Repeat every record below exactly, but leave out any pictures.

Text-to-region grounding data
****************************************

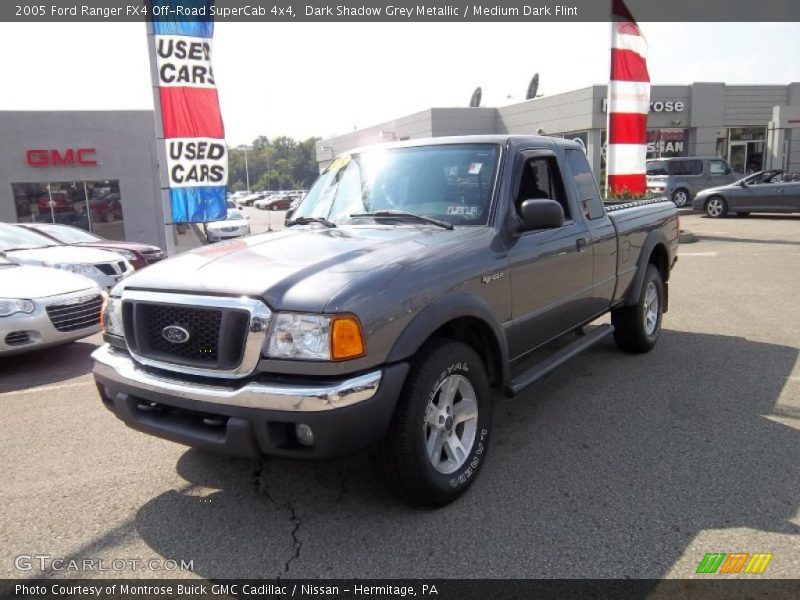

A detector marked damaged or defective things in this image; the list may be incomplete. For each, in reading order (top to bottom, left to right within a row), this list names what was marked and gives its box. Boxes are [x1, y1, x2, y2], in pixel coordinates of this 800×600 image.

crack in pavement [250, 462, 304, 580]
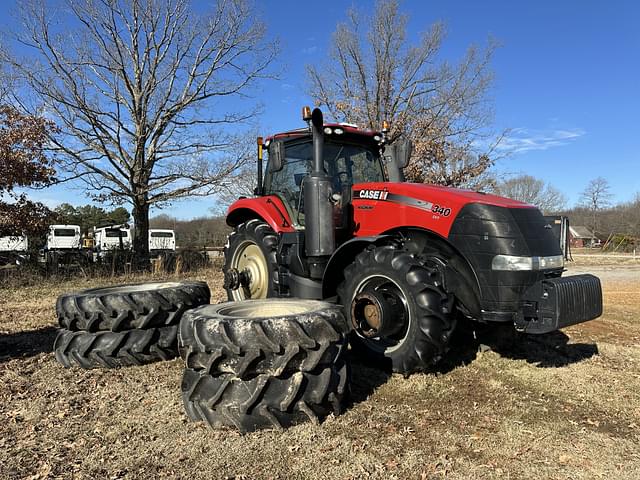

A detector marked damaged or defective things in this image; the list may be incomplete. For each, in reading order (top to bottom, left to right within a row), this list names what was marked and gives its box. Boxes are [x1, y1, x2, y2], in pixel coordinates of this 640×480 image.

detached tractor tire [224, 218, 282, 300]
detached tractor tire [54, 324, 179, 370]
detached tractor tire [55, 280, 210, 332]
detached tractor tire [179, 300, 350, 378]
detached tractor tire [340, 244, 456, 376]
detached tractor tire [180, 362, 350, 434]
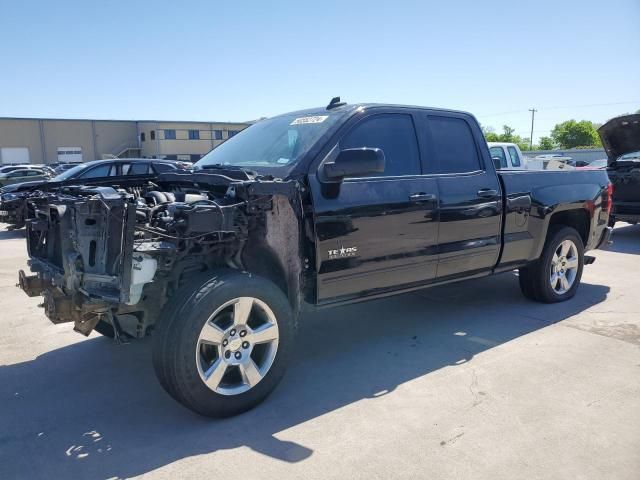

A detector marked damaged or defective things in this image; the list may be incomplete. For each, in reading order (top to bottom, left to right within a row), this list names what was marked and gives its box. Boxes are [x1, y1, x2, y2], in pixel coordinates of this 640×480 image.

damaged front end [19, 171, 308, 340]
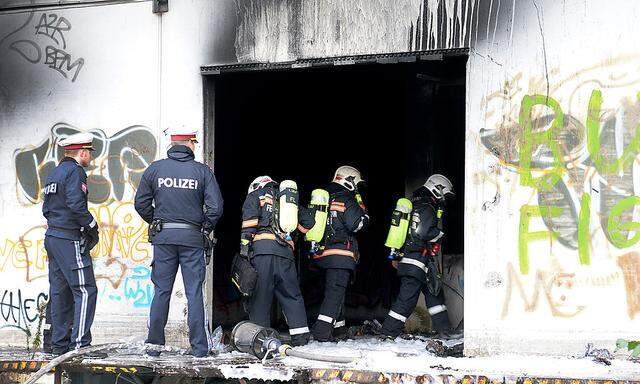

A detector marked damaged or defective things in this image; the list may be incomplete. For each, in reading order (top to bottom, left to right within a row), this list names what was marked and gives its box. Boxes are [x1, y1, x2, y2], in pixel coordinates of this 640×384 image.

burned doorway [204, 51, 464, 332]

****************************************

**EXERCISE SOLUTION:**
A detector marked damaged or defective things in this image; the list may be incomplete. For each, in reading order (top to bottom, left to right within a row), this list names what was marked and gives its box. Boxes are [x1, y1, x2, y2], in pixel coordinates of this 800×600 image.

crack in pavement [250, 462, 304, 580]

A detector marked damaged or defective things in this image; the list may be incomplete. For each, in reading order (top to bottom, left to right within a row), this list names what was marked and gives its box. Boxes are [x1, y1, x2, y2], in pixel coordinates of this 640×480 image.

detached tractor tire [224, 218, 282, 300]
detached tractor tire [54, 324, 179, 370]
detached tractor tire [55, 280, 210, 332]
detached tractor tire [179, 300, 350, 378]
detached tractor tire [340, 244, 456, 376]
detached tractor tire [180, 362, 350, 434]

A detector marked damaged or defective things in this image; the list may be incomplete. For each, in reading order (top to bottom, left to right within a row), this list names what was marked and gives its box. Boxes are [x1, y1, x2, y2], in pixel coordinates of this 640×480 image.

damaged front end [19, 171, 308, 340]

A detector marked damaged or defective things in this image; the list may be incomplete. For each, in reading order (top to bottom, left to right within a row), this list names what was marked and gives its box. Boxes are [x1, y1, x2, y2], in pixel coordinates of this 640×384 image.

burned doorway [204, 51, 464, 332]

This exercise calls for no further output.